Below is the code I was using. Here I was trying to inverse transform the coefficients using transformer_x and the intercept using transformer_y. However, it sounds like this is incorrect.
import pandas as pd
from sklearn.preprocessing import RobustScaler
from sklearn.linear_model import Lasso
df = pd.DataFrame({'Y':[5, -10, 10, .5, 2.5, 15], 'X1':[1., -2., 2., .1, .5, 3], 'X2':[1, 1, 2, 1, 1, 1],
'X3':[6, 6, 6, 5, 6, 4], 'X4':[6, 5, 4, 3, 2, 1]})
X = df[['X1','X2', 'X3' ,'X4']]
y = df[['Y']]
#Scaling
transformer_x = RobustScaler().fit(X)
transformer_y = RobustScaler().fit(y)
X_scal = transformer_x.transform(X)
y_scal = transformer_y.transform(y)
#LASSO
lasso = Lasso()
lasso = lasso.fit(X_scal, y_scal)
def pred_val(X1,X2,X3,X4):
print('X1 entered: ', X1)
#Scale X value that user entered - by hand
med_X = X.median()
Q1_X = X.quantile(0.25)
Q3_X = X.quantile(0.75)
IQR_X = Q3_X - Q1_X
X_scaled = (X1 - med_X)/IQR_X
print('X1 scaled by hand: ', X_scaled[0].round(2))
#Scale X value that user entered - by function
X_scaled2 = transformer_x.transform(np.array([[X1,X2]]))
print('X1 scaled by function: ', X_scaled2[0][0].round(2))
#Intercept by hand
med_y = y.median()
Q1_y = y.quantile(0.25)
Q3_y = y.quantile(0.75)
IQR_y = Q3_y - Q1_y
inv_int = med_y + IQR_y*lasso.intercept_[0]
#Intercept by function
inv_int2 = transformer_y.inverse_transform(lasso.intercept_.reshape(-1, 1))[0][0]
#Coefficient by hand
inv_coef = lasso.coef_[0]*IQR_y
#Coefficient by function
inv_coef2 = transformer_x.inverse_transform(reg.coef_.reshape(1,-1))[0]
#Prediction by hand
preds = inv_int + inv_coef*X_scaled[0]
#Prediction by function
preds_inner = lasso.predict(X_scaled2)
preds_f = transformer_y.inverse_transform(preds_inner.reshape(-1, 1))[0][0]
print('\nIntercept by hand: ', inv_int[0].round(2))
print('Intercept by function: ', inv_int2.round(2))
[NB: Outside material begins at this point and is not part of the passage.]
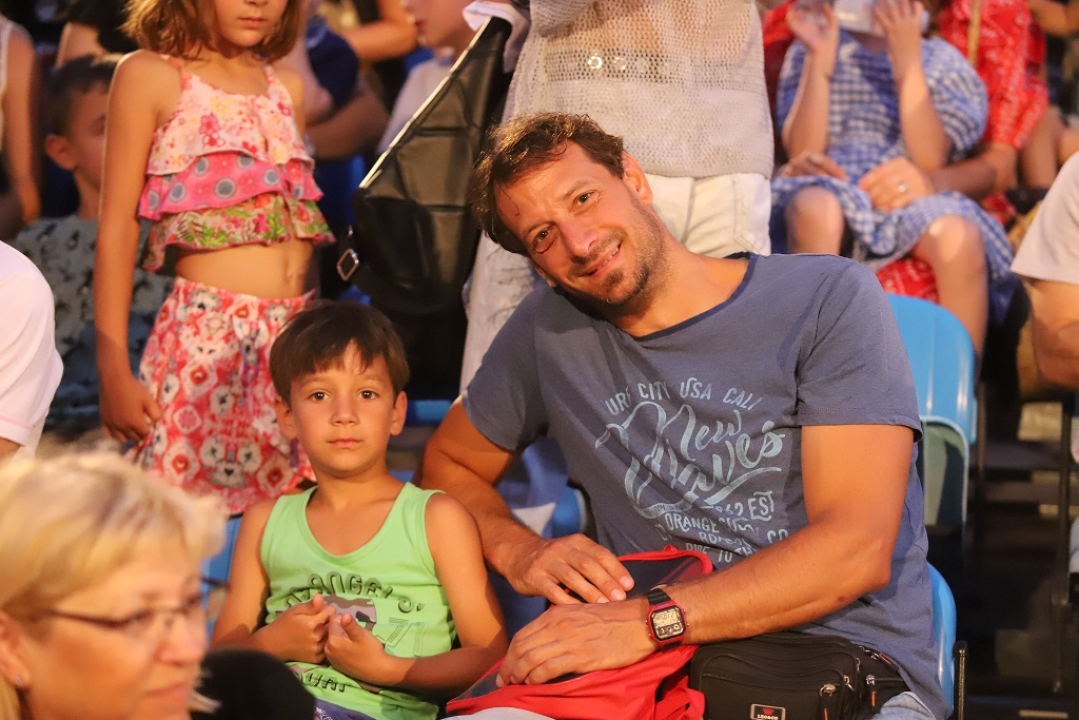 Na pola puta 62. MDF-a: Počinju teniski i nogometni turnir te plivački miting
print('\nCoefficients by hand: ', inv_coef[0].round(2))
print('Coefficients by function: ', inv_coef2[0].round(2))
print('\nYour predicted value by hand is: ', preds[0].round(2))
print('Your predicted value by function is: ', preds_f.round(2))
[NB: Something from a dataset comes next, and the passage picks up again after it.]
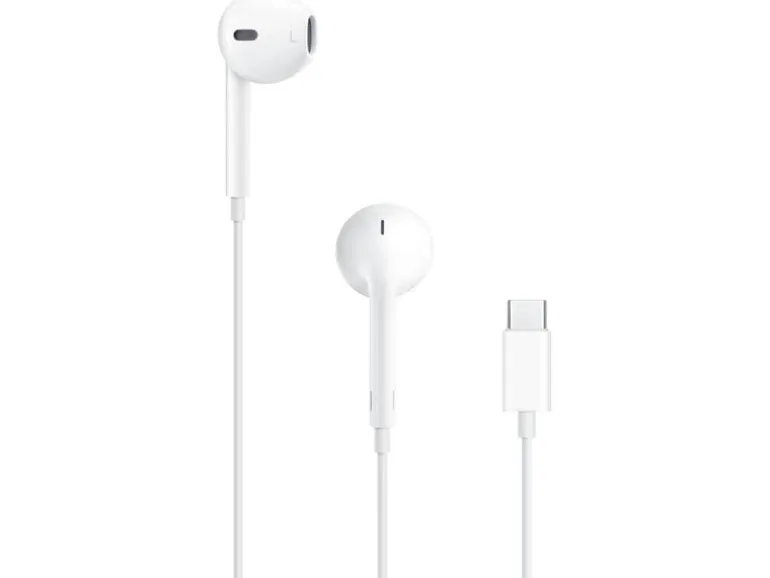 Apple In-Ear-Kopfhörer EarPods USB-C Connector Weiss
print('Perfect Prediction would be 80')
pred_val(10,1,1,1)
Update: I've updated my code to show the type of prediction function I'm trying to create. I'm just trying to create a function that does exactly what .predict does, but also shows the intercept and coefficients in their unscaled units.
Current output:
Out[1]:
X1 entered: 10
X1 scaled by hand: 5.97
X1 scaled by function: 5.97
Intercept by hand: 34.19
Intercept by function: 34.19
Coefficients by hand: 7.6
Coefficients by function: 8.5
Your predicted value by hand is: 79.54
Your predicted value by function is: 79.54
Perfect Prediction would be 80
Ideal output:
Out[1]:
X1 entered: 10
X1 scaled by hand: 5.97
X1 scaled by function: 5.97
Intercept by hand: 34.19
Intercept by function: 34.19
Coefficients by hand: 7.6
Coefficients by function: 7.6
Your predicted value by hand is: 79.54
Your predicted value by function is: 79.54
Perfect Prediction would be 80
Based on the linked SO thread, all you want to do is to get the unscaled prediction value. Is that right?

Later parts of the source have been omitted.